Algumas vezes, quando penso sobre o grau de exploração daqueles tempos, me pergunto o que faltou para cativar a massa de trabalhadores insatisfeitos e promover a queda da câmara dos lordes, a derrocada dos opressores, o troco da vil infâmia ou algum desses famigerados slogans. Parece-me que enxergo a cena: manifestantes de capa, cartola e bengala usando cartazes, como aqueles terríveis “homens sanduíches”, com os dizeres “Temperança para as jornadas laborativas!” ou “Parcimônia e liberalidade para o chá das cinco!” “Pelo fim da concupiscência dos Lordes!”. Fatalmente, os policiais chegariam e, enrolando o bigode com os dedos enluvados, dariam voz de prisão aos desditosos: “Por Deus, meu bom homem, sabeis que estás perturbando a ordem pública com tuas infâmias?” ou, cinicamente, enquanto os homens sanduíches tentassem correr com seus ingratos dizeres, os defensores da lei os perseguiriam, esbravejando: “Pare em nome de sua majestade, tratante!” “Renda-se, biltre!” Bom, em resumo, a manifestação terminaria mais ou menos como hoje: “alguns muitos” precisando falar, “uns poucos” querendo não-ouvir e as forças policiais protegendo o patrimônio. Apesar do habitual cinismo textual, confesso que as questões das lutas socais são bastante interessantes. O próprio Superman, em suas primeiras histórias, lá em 1940, era uma tipo de “campeão do povo”, enfrentando os gangsters e magnatas que exploravam os pobres e a classe média na lendária revista “Action Comics”. Um resquício desse passado ainda é visto na questão do Lex Luthor, que mesmo não tendo superpoderes, é um adversário digno do azulão. Luthor é o cara mais assustador dentre a galeria de vilões do personagem, porque justamente é o mais real de todos. Pense um pouco, meu caro leitor, e duvido que você não dê nome aos bois: toda cidade tem seu Lex Luthor, aquele sujeito mais rico que Deus, sem ética ou de moral duvidosa que mexe as cordas dos poderes executivo, legislativo e judiciário. 

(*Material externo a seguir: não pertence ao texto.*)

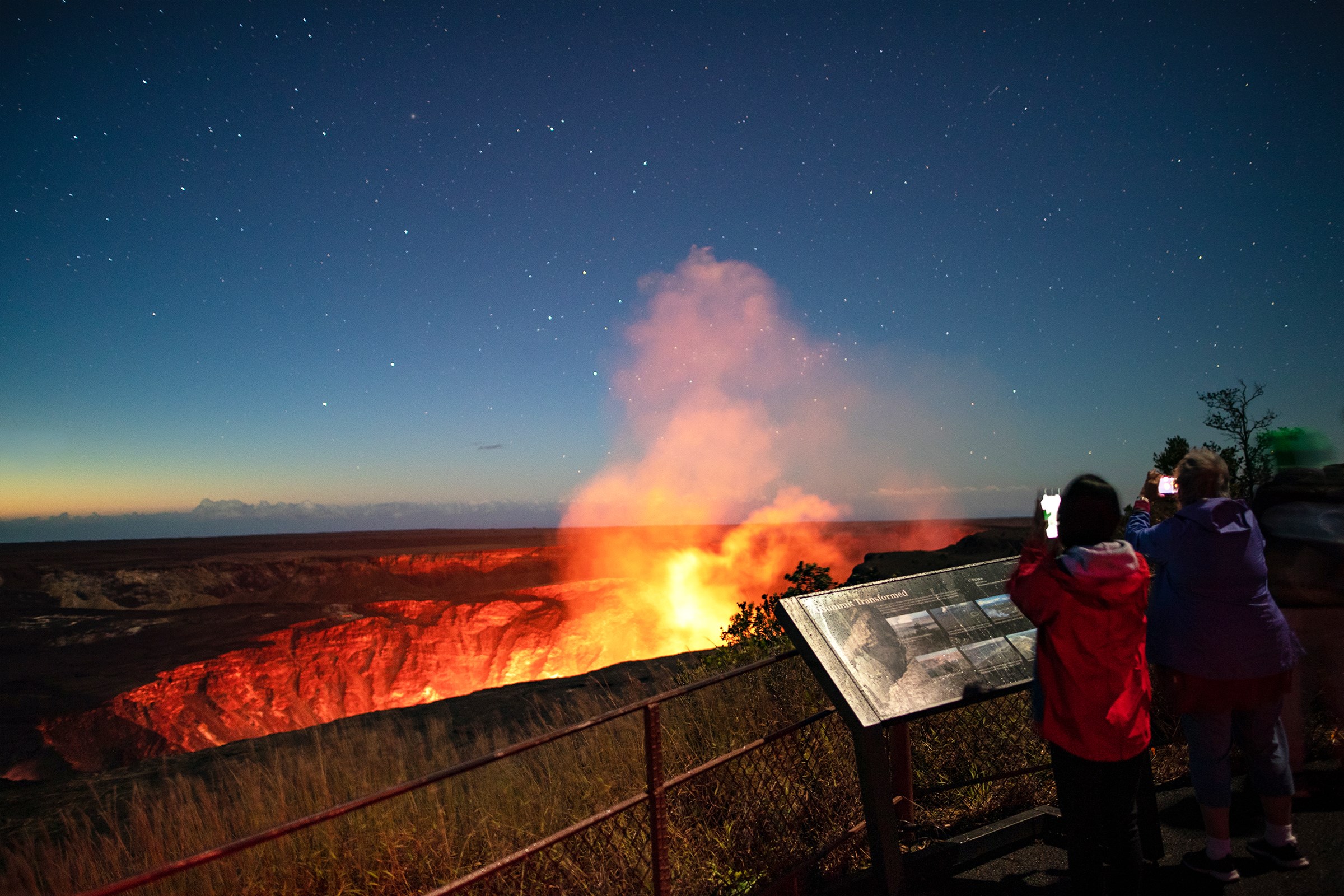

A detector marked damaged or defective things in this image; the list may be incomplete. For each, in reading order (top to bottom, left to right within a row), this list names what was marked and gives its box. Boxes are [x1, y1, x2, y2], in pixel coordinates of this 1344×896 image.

rusty railing post [642, 703, 669, 892]
rusty railing post [887, 720, 919, 827]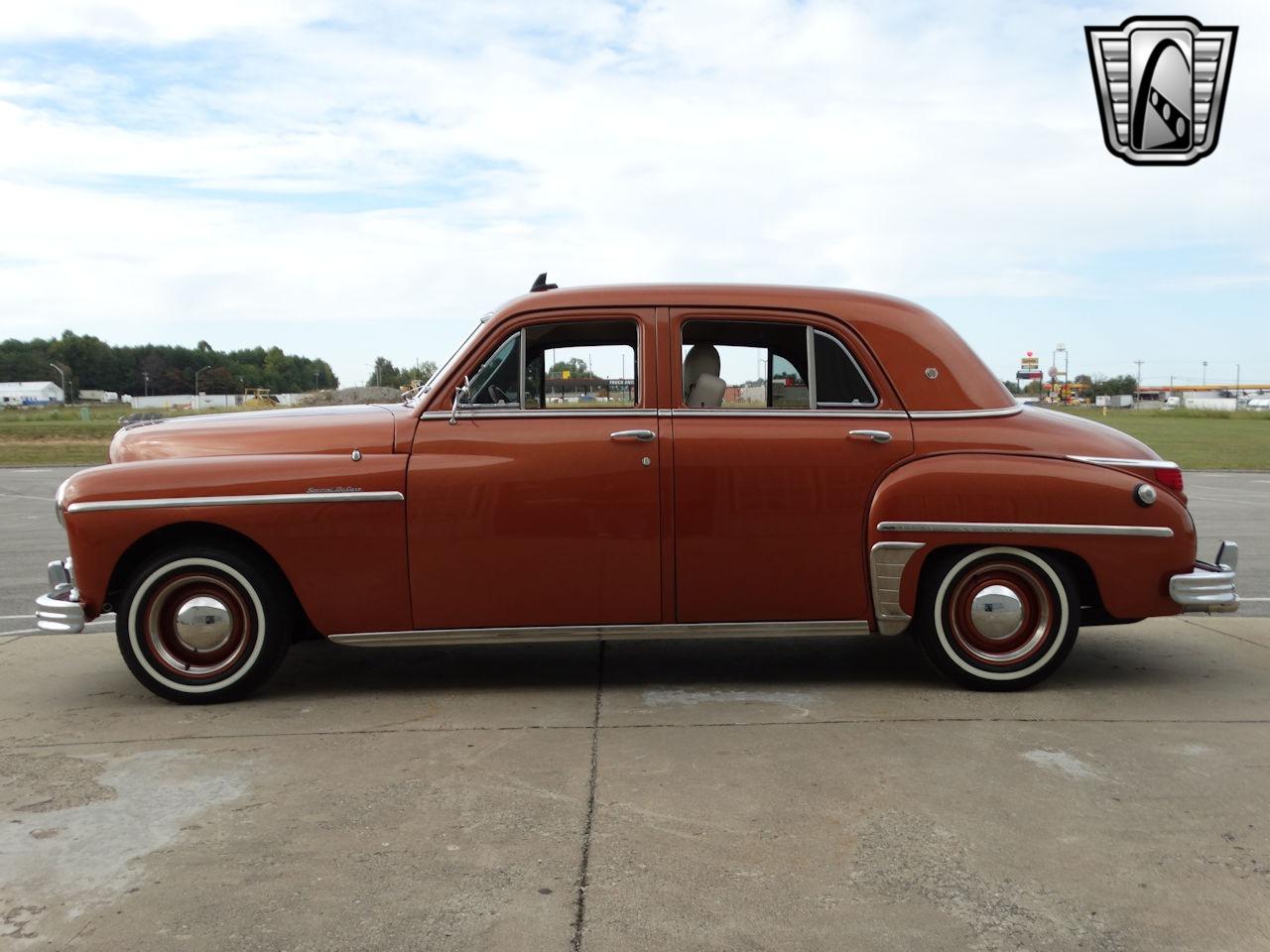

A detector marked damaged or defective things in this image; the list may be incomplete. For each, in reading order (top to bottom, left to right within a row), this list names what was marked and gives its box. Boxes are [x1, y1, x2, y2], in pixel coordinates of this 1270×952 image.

crack in concrete [572, 642, 604, 952]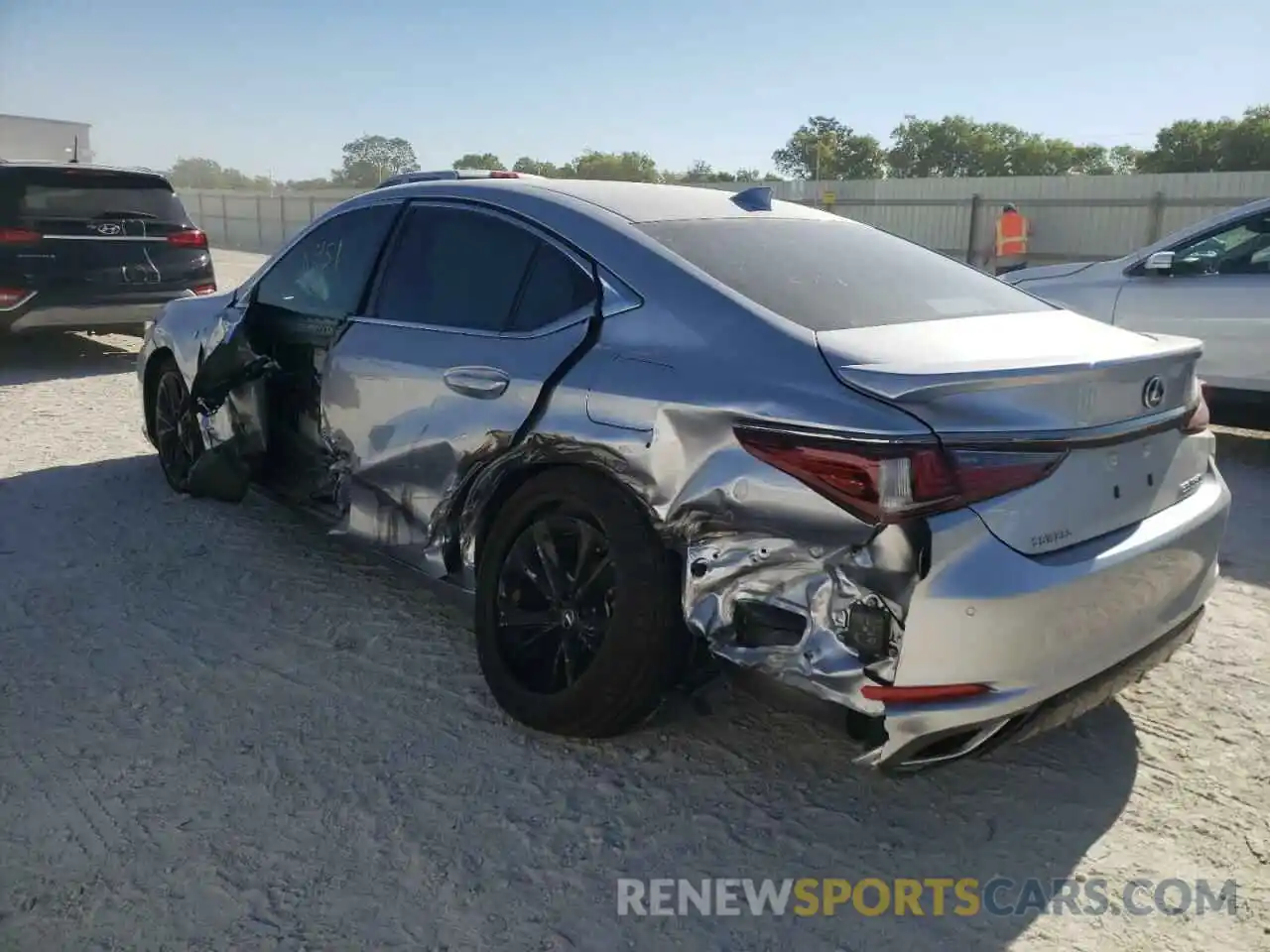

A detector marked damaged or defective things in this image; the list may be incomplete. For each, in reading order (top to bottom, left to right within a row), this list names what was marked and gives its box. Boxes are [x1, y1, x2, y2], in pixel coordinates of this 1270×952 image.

De que adianta a superforça do Superman quando o martelo do juiz bate? Ou então a velocidade do Flash quando a maioria do legislativo se posiciona de modo favorável a uma lei que, claramente, beneficia interesses econômicos privados? É, pois é... 

Talvez, e apenas talvez, o espírito do século XIX não esteja tão distante quanto imaginamos. E talvez, e apenas talvez, possamos diminuir sua marcha por meio do superpoder mais tolhido e manipulado pelos meios midiáticos: o senso crítico. Ele não chega a ser o sentido de aranha, do Homem-Aranha, ou o sentido cósmico, do Capitão Marvel ou mesmo o sentido de radar do Demolidor, mas, com certeza, salva os “heróis cotidianos” de algumas graves desventuras, meu bom homem! E, se ele falhar, ouçamos “Black Betty”, do Ram Jam: “bambalam, bambalam, bambalam!”